EM: There are two important advancements. One is the emergence of a new generation of anti-seizure medications that improve seizure control, limit side effects and make it easier for patients to follow treatment. The other is an increased awareness of epilepsy as an important public health concern and an increasing openness of patients and families to talk about their disorder.
NM: The latest advancement in drug-resistant epilepsy treatment was recently approved by the FDA. This groundbreaking approval was for the new VNS Therapy Programming® System, which features a wireless wand and new user interface on a small tablet, and the SenTiva™ generator, which is the smallest and lightest responsive therapy for epilepsy patients as young as four years of age. Together, the components offer patients with drug-resistant epilepsy a physician-directed customizable therapy with smart technology and proven results to reduce the number of seizures, lessen the duration of seizures and enable a faster recovery.
Much has been documented about the lack of funding for epilepsy compared to other disorders. What do you believe can be done to change this?

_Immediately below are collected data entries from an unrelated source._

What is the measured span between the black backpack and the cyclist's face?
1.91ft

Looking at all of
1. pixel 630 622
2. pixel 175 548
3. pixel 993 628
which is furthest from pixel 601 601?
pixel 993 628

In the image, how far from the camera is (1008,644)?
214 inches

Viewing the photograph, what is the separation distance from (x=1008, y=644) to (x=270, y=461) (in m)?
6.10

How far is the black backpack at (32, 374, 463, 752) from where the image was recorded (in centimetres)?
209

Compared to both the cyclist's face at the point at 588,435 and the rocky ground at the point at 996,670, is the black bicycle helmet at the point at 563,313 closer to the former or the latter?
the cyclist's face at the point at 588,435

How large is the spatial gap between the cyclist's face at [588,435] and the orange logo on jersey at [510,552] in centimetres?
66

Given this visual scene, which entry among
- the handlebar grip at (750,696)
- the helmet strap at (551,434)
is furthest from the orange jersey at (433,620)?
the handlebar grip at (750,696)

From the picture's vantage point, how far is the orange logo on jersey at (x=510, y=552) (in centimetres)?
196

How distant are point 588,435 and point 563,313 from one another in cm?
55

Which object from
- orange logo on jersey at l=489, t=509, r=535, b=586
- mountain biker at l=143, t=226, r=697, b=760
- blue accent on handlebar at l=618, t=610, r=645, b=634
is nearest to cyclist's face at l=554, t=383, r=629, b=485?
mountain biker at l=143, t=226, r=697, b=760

EM: We can emphasize that epilepsy is an important public health concern that has broad implications not only to those with the disorder, but also [their] families. We can also emphasize that understanding epilepsy at a basic science level allows us to further understand the brain in ways that will help us combat a wide range of neurologic disorders.

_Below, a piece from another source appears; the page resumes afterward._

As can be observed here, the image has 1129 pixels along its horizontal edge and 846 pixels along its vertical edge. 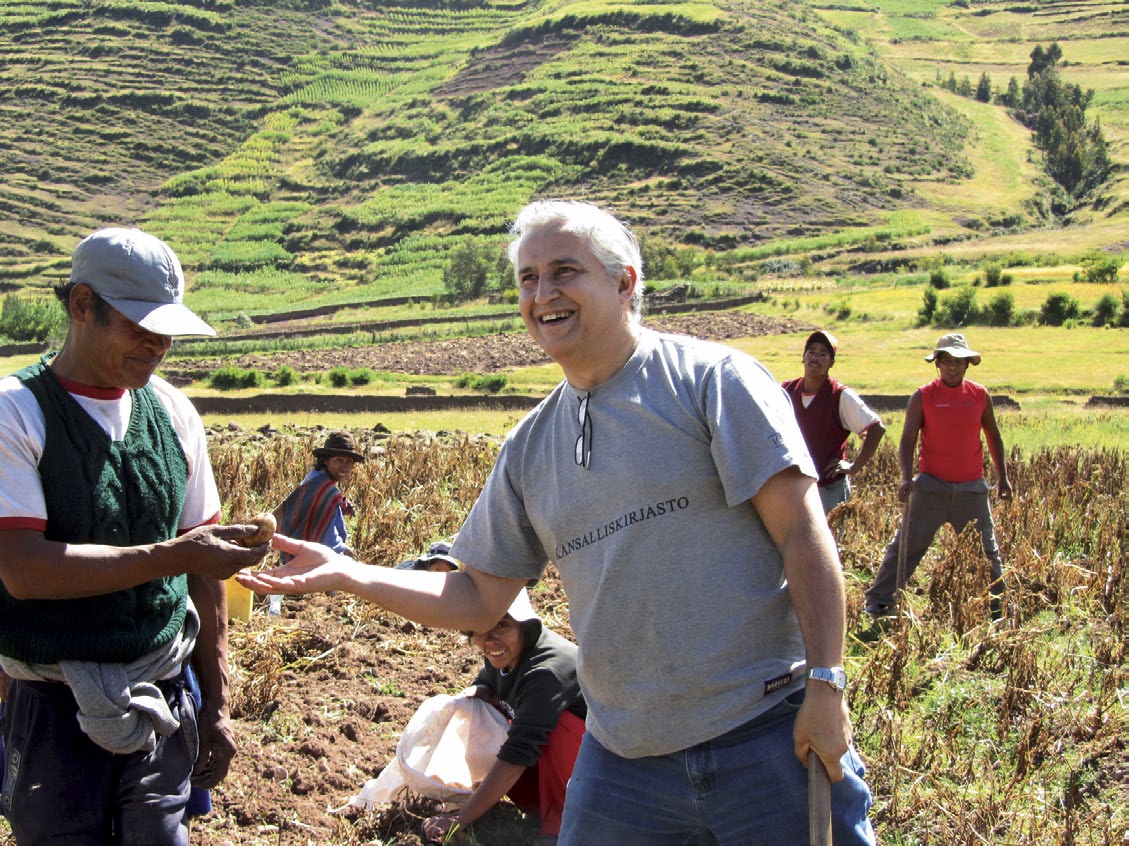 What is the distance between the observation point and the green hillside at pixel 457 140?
80.6 metres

NM: Greater disease awareness and education are critical to transforming not only the funding but also the treatment outcomes for millions of Americans. The faster we can provide education that hope does exist, the better. Every day in the U.S., 30 children will experience seizures for the first time and ultimately will not be able to control the seizures with medication alone. That means every year, more than 10,000 children under 18 years old with drug-resistant epilepsy will face the consequences of seizures, including head trauma, ER visits, fractures and hospitalizations.
If you could give one piece of advice to someone recently diagnosed with epilepsy, what would it be?
EM: Continue living your life and do not allow the diagnosis of epilepsy to define you. Learn all you can about your specific type of epilepsy. Work with your health care provider to become seizure free with no adverse side effects from medications. For most patients, these are achievable goals. Continue to talk about your diagnosis with your health care provider and family.
NM: Get educated about epilepsy, and know that you are not alone and that there is hope. This begins with talking to a neurologist and epileptologist and visiting websites like www.SeizureControl.com, www.Epilepsy.com and www.VNSTherapy.com to learn more about treatment options available. Everyone who has epilepsy — or is touched by epilepsy — should also reach out to their local Epilepsy Foundation organization. Whether it’s for yourself, a family member or friend, it’s important to become an advocate and learn as much as possible about this condition that affects more than 3.4 million people in the U.S., according to the Centers for Disease Control and Prevention.